While the Lin et al and Baumann et al studies reported a benefit for proton therapy in reducing the risk of severe acute side effects, there is also excitement about the potential of proton therapy to limit late side effects of radiation, occurring months to years after treatment has completed. The study by Xiang et al published in Cancer reported pooled data on second malignancies from the National Cancer Database on patients with a wide range of solid malignancies treated with definitive radiotherapy (450,373 patients).11 They found that proton therapy was associated with a statistically significant two-thirds reduction in the rate of second malignancies compared with photon therapy, including in the head-to-head analysis comparing proton therapy with IMRT. There is also recent data on long-term intelligence outcomes for proton compared with photon cranial radiation. In a study by Kahalley et al in the Journal of Clinical Oncology, children treated with proton therapy for medulloblastoma exhibited superior long-term outcomes in global IQ, perceptual reasoning, and working memory compared with the photon-treated cohort (p < 0.05 for all).12

Dr. Jeffrey D. Bradley

We think there are many reasons to be excited about the promise of proton therapy and a compelling argument to be made that it is in the public’s interest to nurture proton therapy as a critical technology of the future. Government leaders have invested large subsidies into developing green energy and other technologies that are more costly than conventional options but which hold great promise to improve the environment and public health in the future. Why then would we not want to invest in a form of radiation therapy that is just as effective against cancer and exposes less of the body to radiation’s harmful effects?

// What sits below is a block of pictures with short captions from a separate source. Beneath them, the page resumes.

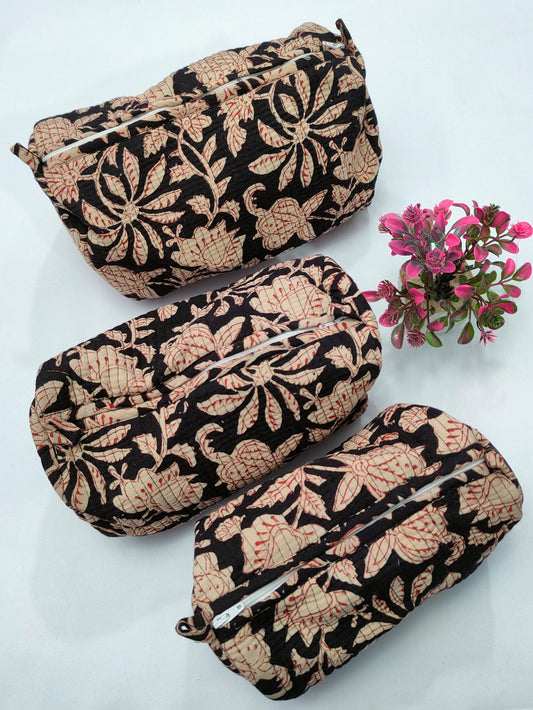 Set of 3 Pouches With A Waterproof Lining, Perfect For Cosmetics
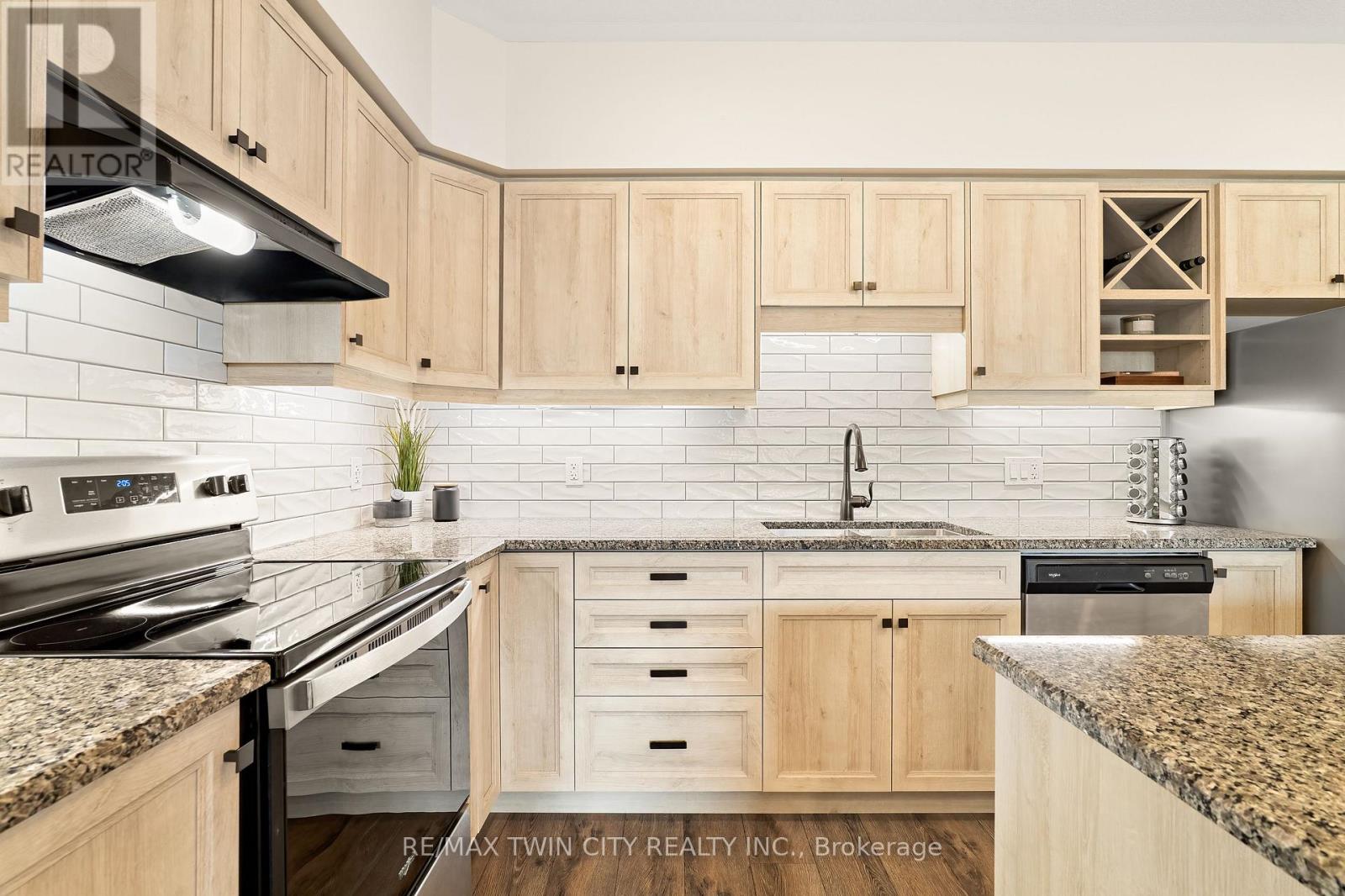 1574 Fischer Hallman Road, Kitchener, Ontario  N2R 0R7 - Photo 24 - X12994662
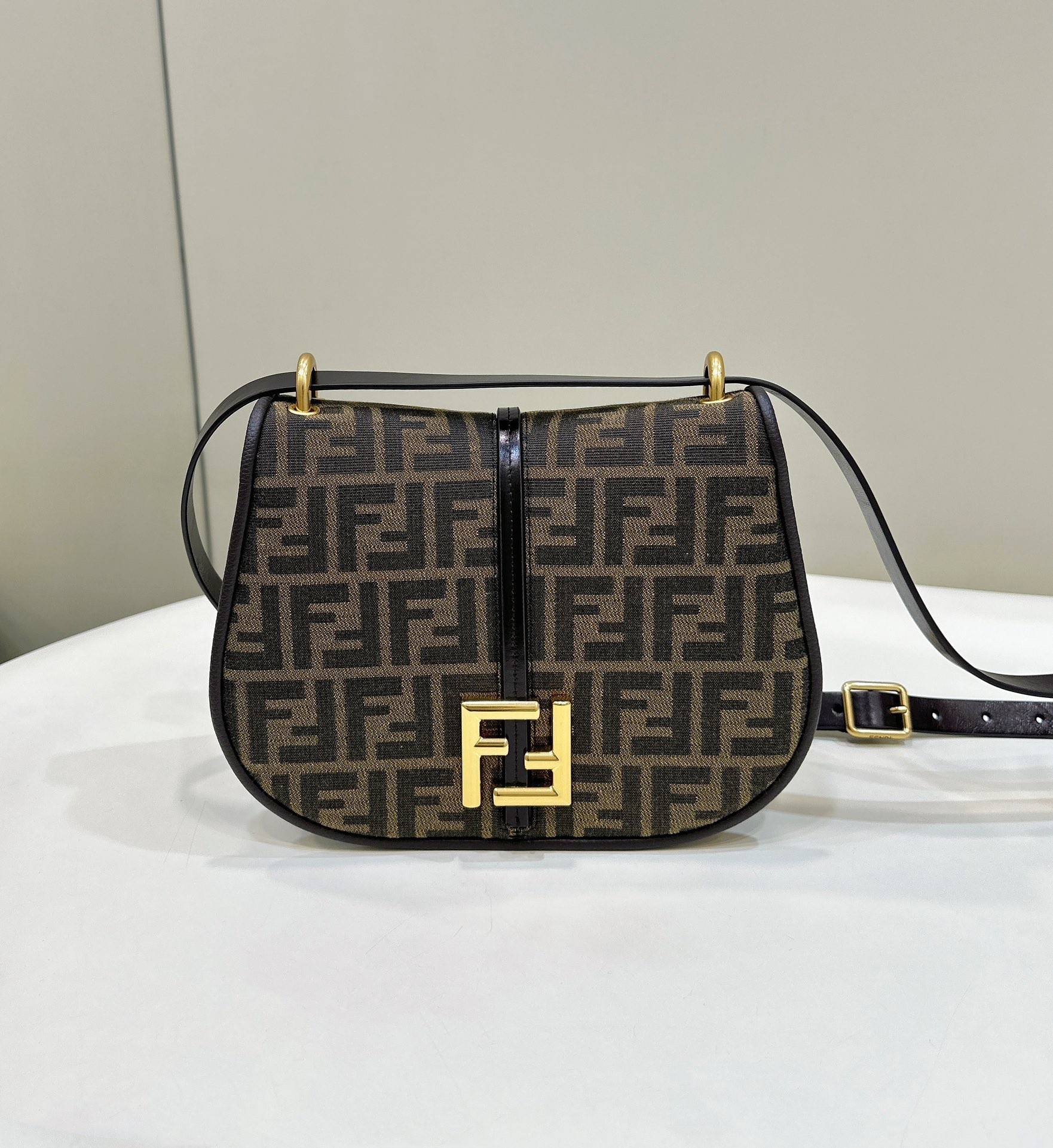 Fendi C’mon Medium Bag in FF Jacquard Fabric and Leather 541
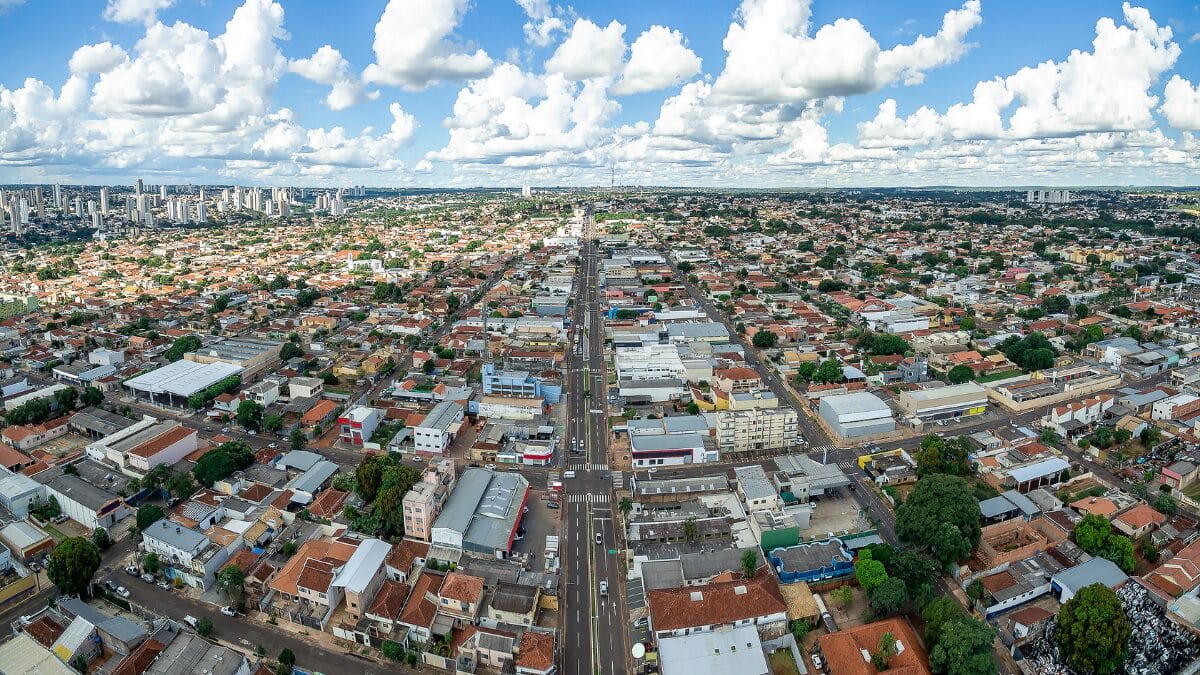 Cidade morena tem casas, calçadas e praças tomadas por fruto conhecido como 'feijão-doce' Campo Grande
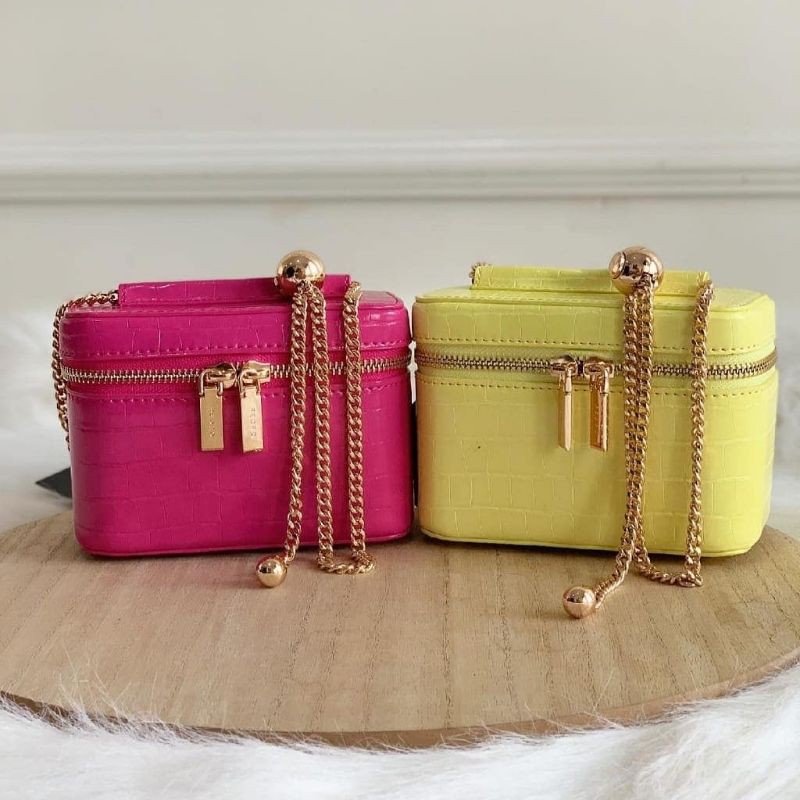 12.12 SALE | PDRO Textured Leather Vanity Case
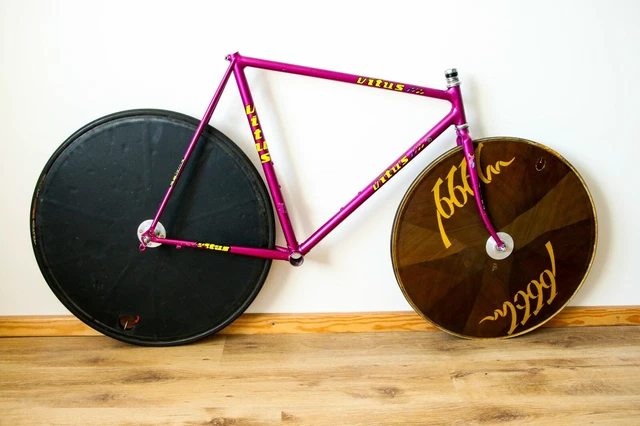 57.5 cm sales bike frame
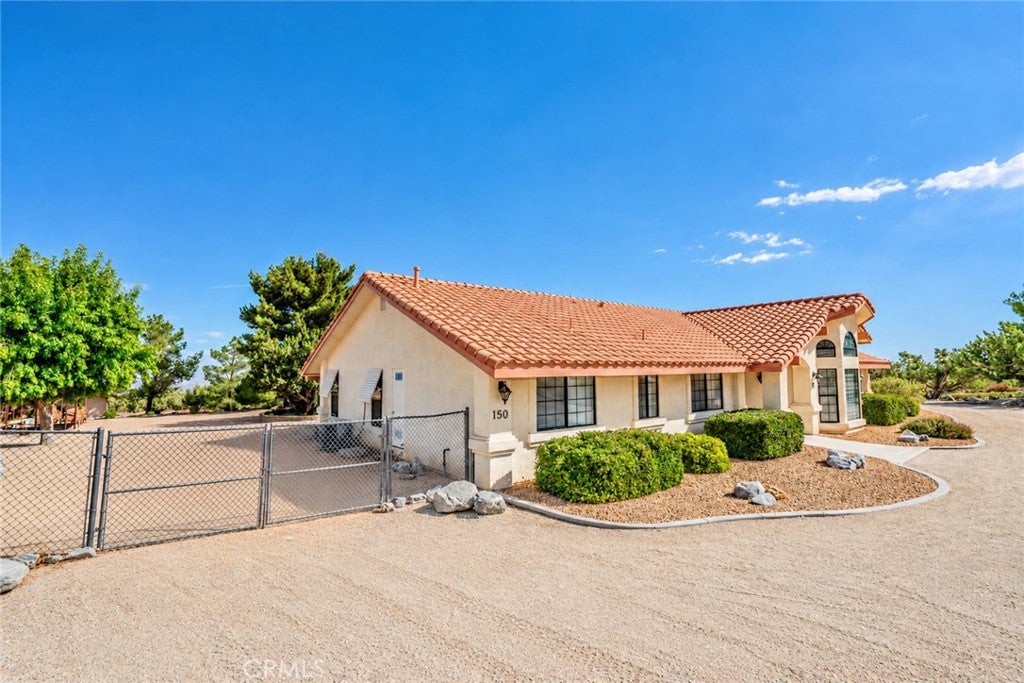150 Smoke Tree Road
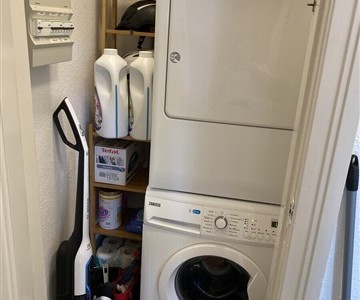 Lejlighed 2 værelser for 6.033 kr. pr. måned Lejlighed 2 værelser for 6.033 kr. pr. måned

We think there are many reasons to be excited about the promise of proton therapy and a compelling argument to be made that it is in the public’s interest to nurture proton therapy as a critical technology of the future.

One area where proton therapy has positioned itself as a possible treatment of the future is in the rapidly emerging field of flash radiation therapy, which has the potential to revolutionize cancer treatment. Flash radiation delivers very high–dose radiation using a much higher dose rate than conventional treatments, delivering an entire course of radiation in a matter of seconds or fractions of a second.13 The treatment remains experimental, but preclinical and very early clinical data suggest that the radiobiologic properties of flash radiation follow different principles and that comparable tumor control can be achieved with reduced toxicity.15 Flash radiation would offer the added convenience and lower cost of a single radiation treatment rather than a fractionated course of care. Proton therapy’s ability to deliver radiation to the target with minimal radiation extending beyond the target is an advantage for flash radiation when delivering very high–dose radiation in a single treatment.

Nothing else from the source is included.